# EXERCISE GOAL:
When you reach the line with "Silhouette of Delicate", start repeating the lines exactly and keep going to the end of the records, but drop every picture.

(DATA FOR THE TASK Opens)

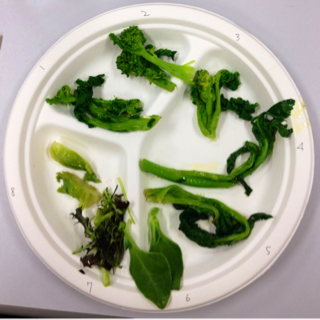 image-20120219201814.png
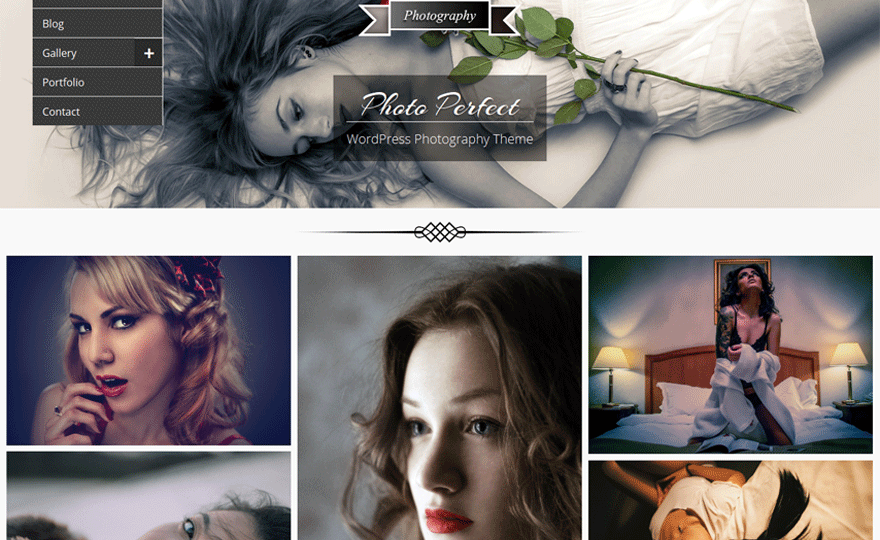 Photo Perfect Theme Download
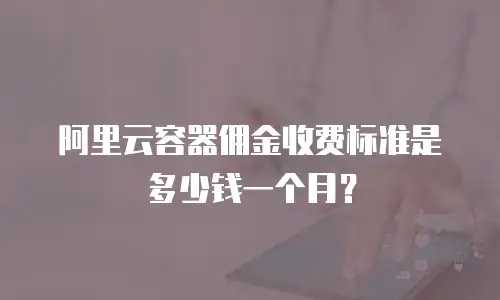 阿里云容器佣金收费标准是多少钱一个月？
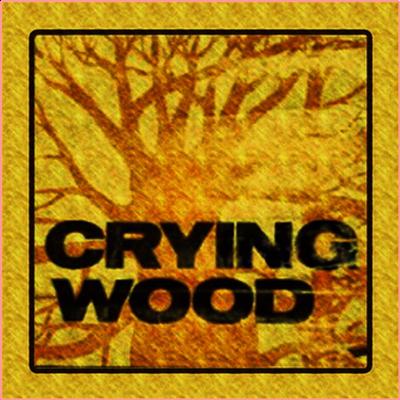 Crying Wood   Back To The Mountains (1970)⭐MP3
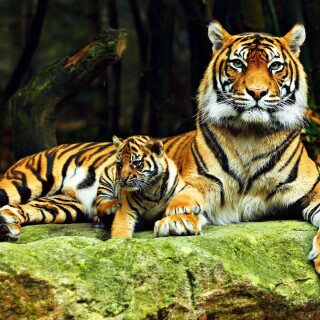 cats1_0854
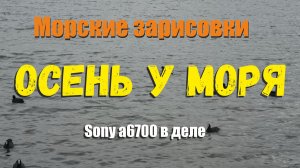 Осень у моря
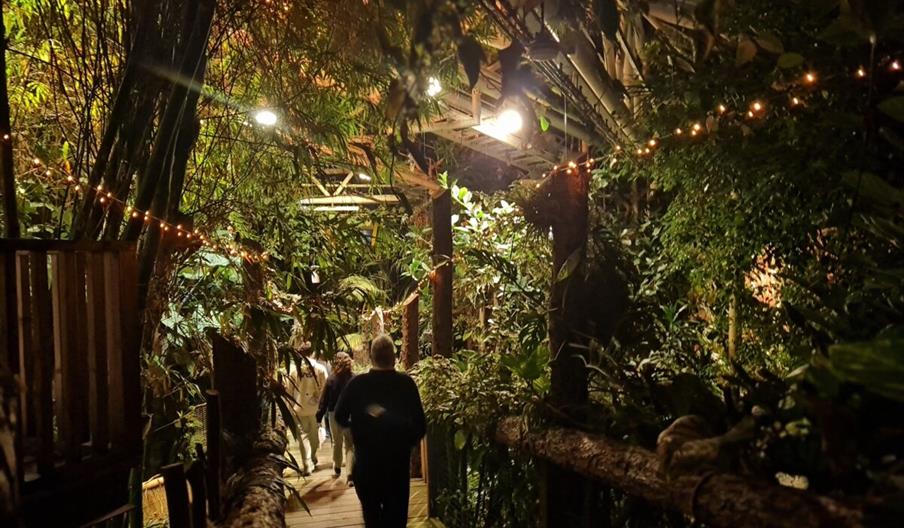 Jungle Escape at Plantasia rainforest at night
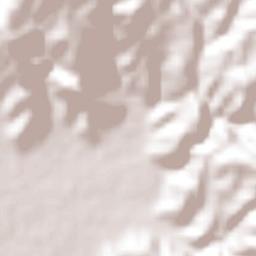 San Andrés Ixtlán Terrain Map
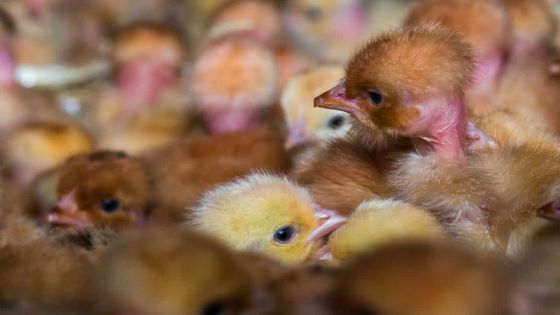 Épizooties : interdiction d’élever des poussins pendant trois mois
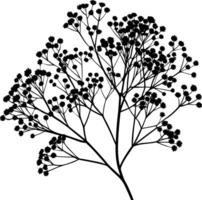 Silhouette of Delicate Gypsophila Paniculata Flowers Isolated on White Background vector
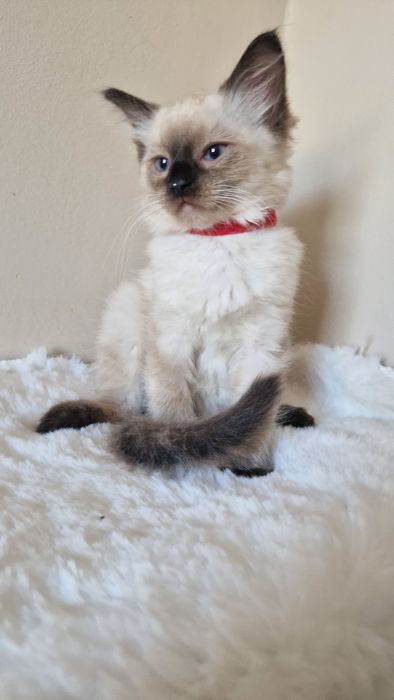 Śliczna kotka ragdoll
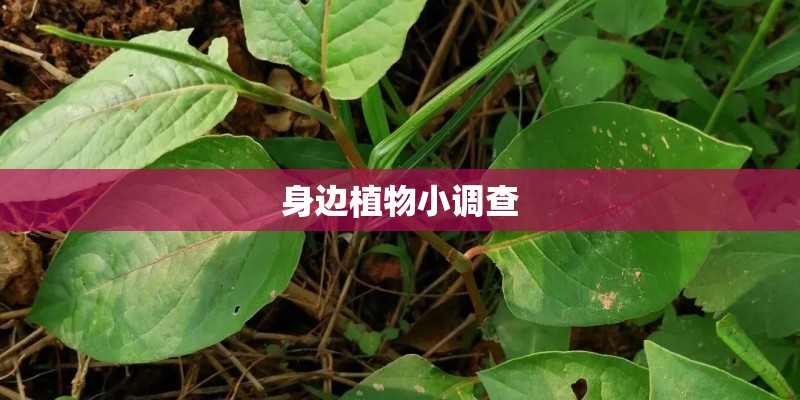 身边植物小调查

(DATA FOR THE TASK Closes)

# TASK RESPONSE:
 Silhouette of Delicate Gypsophila Paniculata Flowers Isolated on White Background vector
 Śliczna kotka ragdoll
 身边植物小调查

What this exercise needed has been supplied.